Saved entries:
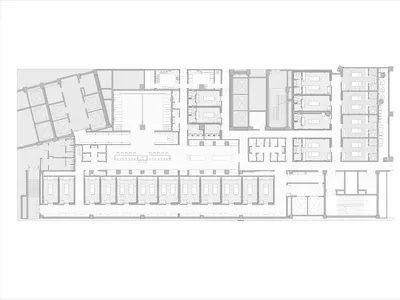 白色酒店樓層規劃圖，展示現代酒店的房間和連接，充足照明和組織，理想的空間利用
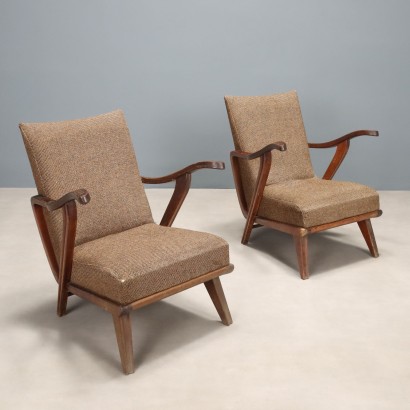 Fauteuils Vintage Tissu Bois Design Italie des Années 1960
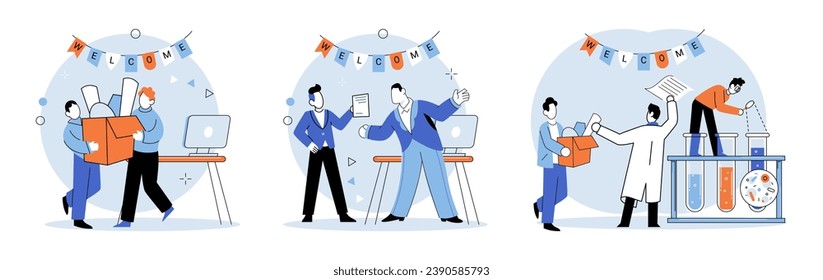 New employee. Vector illustration. The new employee metaphor highlights significance mentorship and support from experienced colleagues in helping new employee succeed The new employee metaphor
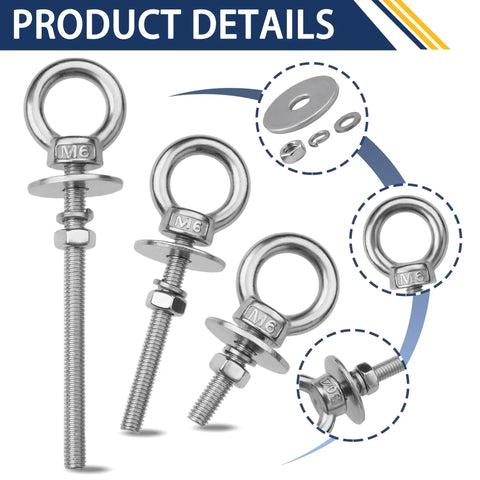 Heavy Duty M6 Stainless Steel Eye Bolts With Nuts And Washers One Quarter Inch Diameter Two Inch Long Lifting Rings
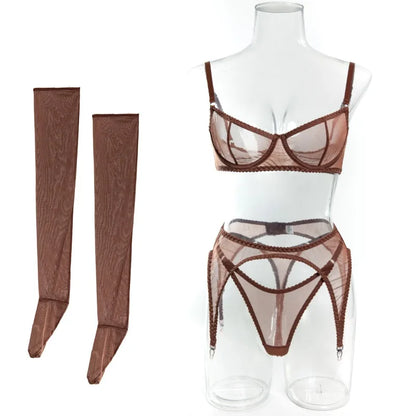 Toucheart Erotic Lingerie with Stockings Mesh Thin Model See-through Patchwork Body Shaping Seductive Women Delicate Underwear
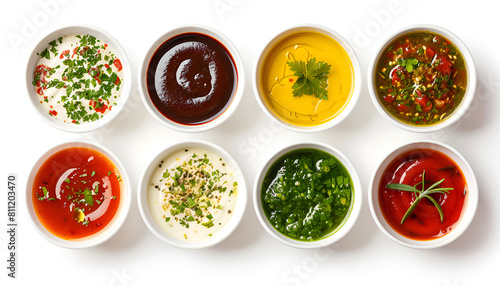 Set of different sauces in bowls isolated on white background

- [Task description]: Write out the entries above word for word. Do not include the pictures.

- [Exercise answer]:
 白色酒店樓層規劃圖，展示現代酒店的房間和連接，充足照明和組織，理想的空間利用
 Fauteuils Vintage Tissu Bois Design Italie des Années 1960
 New employee. Vector illustration. The new employee metaphor highlights significance mentorship and support from experienced colleagues in helping new employee succeed The new employee metaphor
 Heavy Duty M6 Stainless Steel Eye Bolts With Nuts And Washers One Quarter Inch Diameter Two Inch Long Lifting Rings
 Toucheart Erotic Lingerie with Stockings Mesh Thin Model See-through Patchwork Body Shaping Seductive Women Delicate Underwear
 Set of different sauces in bowls isolated on white background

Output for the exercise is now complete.